Kepala Pusat Vulkanologi dan Mitigasi Bencana Geologi (PVMBG) Andiani mengatakan, retakan di Jalan Tol Cipali dengan kedalaman 1 meter tersebut dipicu curah hujan tinggi. Aliran sungai di sekitar lereng jalan juga berpotensi menyebabkan erosi.
PVMBG merekomendasikan untuk segera menutup retakan dan memadatkannya agar air tidak meresap. Resapan air dapat mempercepat gerakan tanah. Selain itu, pengelola tol perlu mengalihkan aliran air menjauhi retakan.
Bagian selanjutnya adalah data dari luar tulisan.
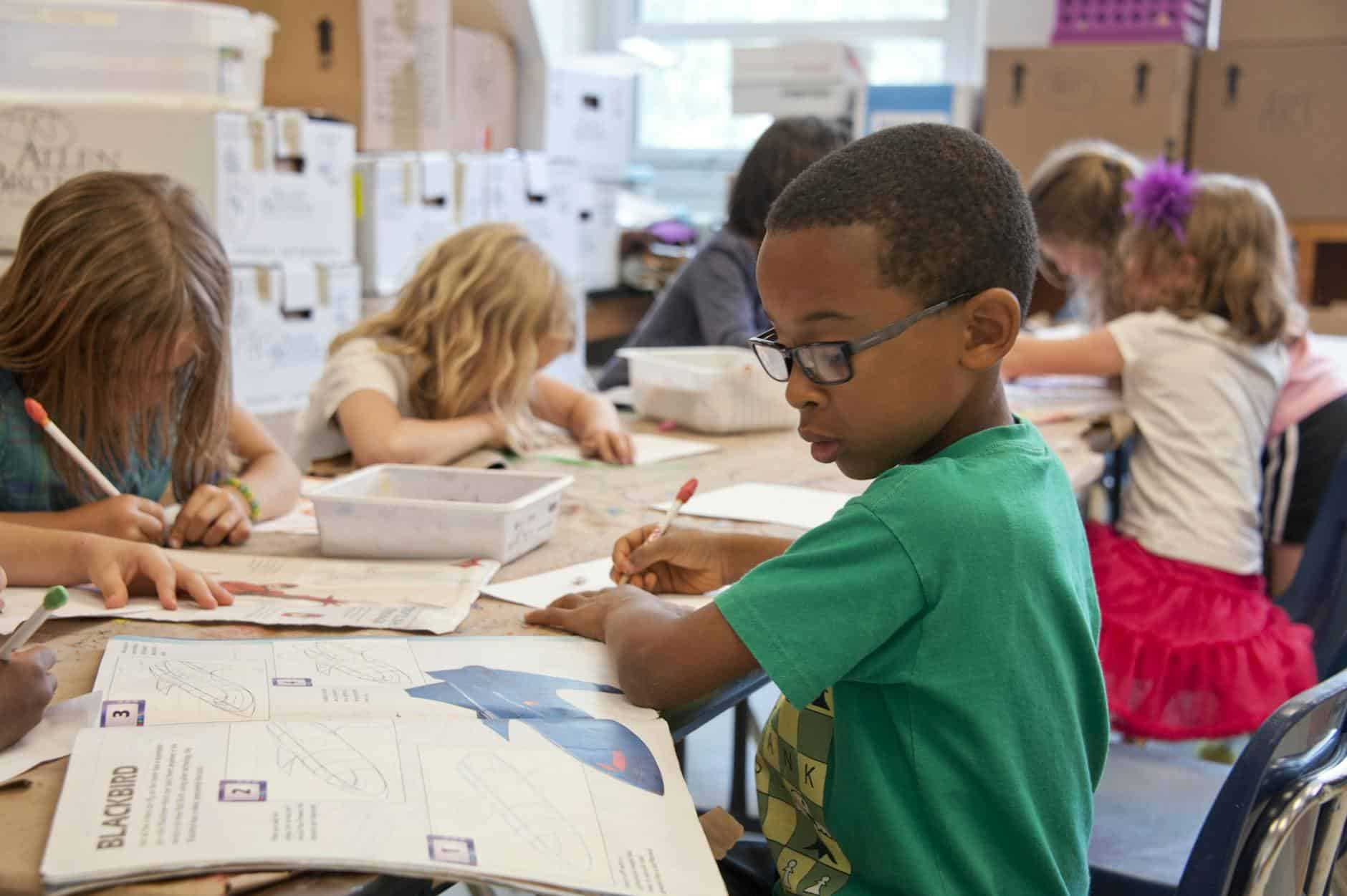 boy in class looking at book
”Lereng di tepian badan jalan yang dekat dengan sungai perlu diperkuat untuk mengurangi laju erosi dan meningkatkan kestabilan lereng,” ujarnya. Diperlukan penyelidikan geologi teknik sebagai landasan untuk memperkuat lereng.
Andiani menyebutkan, secara umum, lokasi jalan ambles merupakan daerah landai hingga agak curam di bantaran Sungai Cipunagara, Kabupaten Subang, dengan kemiringan lereng kurang dari 20 derajat. Lokasinya berada pada ketinggian 20-25 meter di atas permukaan laut.
Berdasarkan Peta Prakiraan Gerakan Tanah PVMBG pada Februari 2021, Tol Cipali Km 122 mempunyai potensi gerakan tanah rendah. Pada zona ini jarang terjadi gerakan tanah kecuali di perbatasan lembah sungai dan gawir.
”Kemiringan lereng tidak terlampau curam sehingga gerakan tanah relatif lambat. Kemungkinan material timbunan kurang padu atau mudah tererosi,” ujarnya.